(Items from a data source)
^^^^^^^^
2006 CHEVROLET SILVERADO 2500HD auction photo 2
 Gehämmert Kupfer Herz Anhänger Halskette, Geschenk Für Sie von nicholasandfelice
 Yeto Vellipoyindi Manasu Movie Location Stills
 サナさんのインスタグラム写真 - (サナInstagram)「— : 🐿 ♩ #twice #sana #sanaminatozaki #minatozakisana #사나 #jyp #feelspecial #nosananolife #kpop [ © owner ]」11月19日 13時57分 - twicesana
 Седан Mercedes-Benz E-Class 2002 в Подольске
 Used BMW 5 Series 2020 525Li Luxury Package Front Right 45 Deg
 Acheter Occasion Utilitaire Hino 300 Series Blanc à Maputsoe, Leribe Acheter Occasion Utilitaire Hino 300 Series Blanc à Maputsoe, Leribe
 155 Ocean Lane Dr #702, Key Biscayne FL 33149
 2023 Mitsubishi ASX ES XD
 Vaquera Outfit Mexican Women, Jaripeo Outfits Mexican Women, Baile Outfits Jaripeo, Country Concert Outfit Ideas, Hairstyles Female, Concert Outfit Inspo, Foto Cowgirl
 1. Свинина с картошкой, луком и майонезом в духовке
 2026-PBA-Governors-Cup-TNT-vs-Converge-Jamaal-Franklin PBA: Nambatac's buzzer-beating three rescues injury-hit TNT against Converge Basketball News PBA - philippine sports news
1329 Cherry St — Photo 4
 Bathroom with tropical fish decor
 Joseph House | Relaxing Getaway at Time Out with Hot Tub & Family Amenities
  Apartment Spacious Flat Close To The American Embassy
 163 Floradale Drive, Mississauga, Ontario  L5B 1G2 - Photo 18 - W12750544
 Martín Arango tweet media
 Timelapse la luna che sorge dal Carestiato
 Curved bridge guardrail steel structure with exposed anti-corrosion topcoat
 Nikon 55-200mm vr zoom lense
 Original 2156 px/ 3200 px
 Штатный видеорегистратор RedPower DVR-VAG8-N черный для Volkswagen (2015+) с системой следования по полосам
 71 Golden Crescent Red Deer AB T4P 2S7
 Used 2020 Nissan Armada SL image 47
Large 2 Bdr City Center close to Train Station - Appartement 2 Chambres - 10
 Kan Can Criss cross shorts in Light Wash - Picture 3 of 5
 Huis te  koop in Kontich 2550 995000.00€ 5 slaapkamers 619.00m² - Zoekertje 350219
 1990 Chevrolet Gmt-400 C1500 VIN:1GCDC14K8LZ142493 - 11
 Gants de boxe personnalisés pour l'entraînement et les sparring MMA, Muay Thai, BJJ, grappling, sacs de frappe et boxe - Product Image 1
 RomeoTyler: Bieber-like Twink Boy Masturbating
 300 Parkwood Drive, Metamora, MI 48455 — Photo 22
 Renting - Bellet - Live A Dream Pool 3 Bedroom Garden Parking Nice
^^^^^^^^
» **Work to be completed**: Given the data above, transcribe exactly the lines from the one containing "Yeto Vellipoyindi Manasu" down to the one containing "1990 Chevrolet Gmt-400", and no others.

» **Worked solution**:
 Yeto Vellipoyindi Manasu Movie Location Stills
 サナさんのインスタグラム写真 - (サナInstagram)「— : 🐿 ♩ #twice #sana #sanaminatozaki #minatozakisana #사나 #jyp #feelspecial #nosananolife #kpop [ © owner ]」11月19日 13時57分 - twicesana
 Седан Mercedes-Benz E-Class 2002 в Подольске
 Used BMW 5 Series 2020 525Li Luxury Package Front Right 45 Deg
 Acheter Occasion Utilitaire Hino 300 Series Blanc à Maputsoe, Leribe Acheter Occasion Utilitaire Hino 300 Series Blanc à Maputsoe, Leribe
 155 Ocean Lane Dr #702, Key Biscayne FL 33149
 2023 Mitsubishi ASX ES XD
 Vaquera Outfit Mexican Women, Jaripeo Outfits Mexican Women, Baile Outfits Jaripeo, Country Concert Outfit Ideas, Hairstyles Female, Concert Outfit Inspo, Foto Cowgirl
 1. Свинина с картошкой, луком и майонезом в духовке
 2026-PBA-Governors-Cup-TNT-vs-Converge-Jamaal-Franklin PBA: Nambatac's buzzer-beating three rescues injury-hit TNT against Converge Basketball News PBA - philippine sports news
1329 Cherry St — Photo 4
 Bathroom with tropical fish decor
 Joseph House | Relaxing Getaway at Time Out with Hot Tub & Family Amenities
  Apartment Spacious Flat Close To The American Embassy
 163 Floradale Drive, Mississauga, Ontario  L5B 1G2 - Photo 18 - W12750544
 Martín Arango tweet media
 Timelapse la luna che sorge dal Carestiato
 Curved bridge guardrail steel structure with exposed anti-corrosion topcoat
 Nikon 55-200mm vr zoom lense
 Original 2156 px/ 3200 px
 Штатный видеорегистратор RedPower DVR-VAG8-N черный для Volkswagen (2015+) с системой следования по полосам
 71 Golden Crescent Red Deer AB T4P 2S7
 Used 2020 Nissan Armada SL image 47
Large 2 Bdr City Center close to Train Station - Appartement 2 Chambres - 10
 Kan Can Criss cross shorts in Light Wash - Picture 3 of 5
 Huis te  koop in Kontich 2550 995000.00€ 5 slaapkamers 619.00m² - Zoekertje 350219
 1990 Chevrolet Gmt-400 C1500 VIN:1GCDC14K8LZ142493 - 11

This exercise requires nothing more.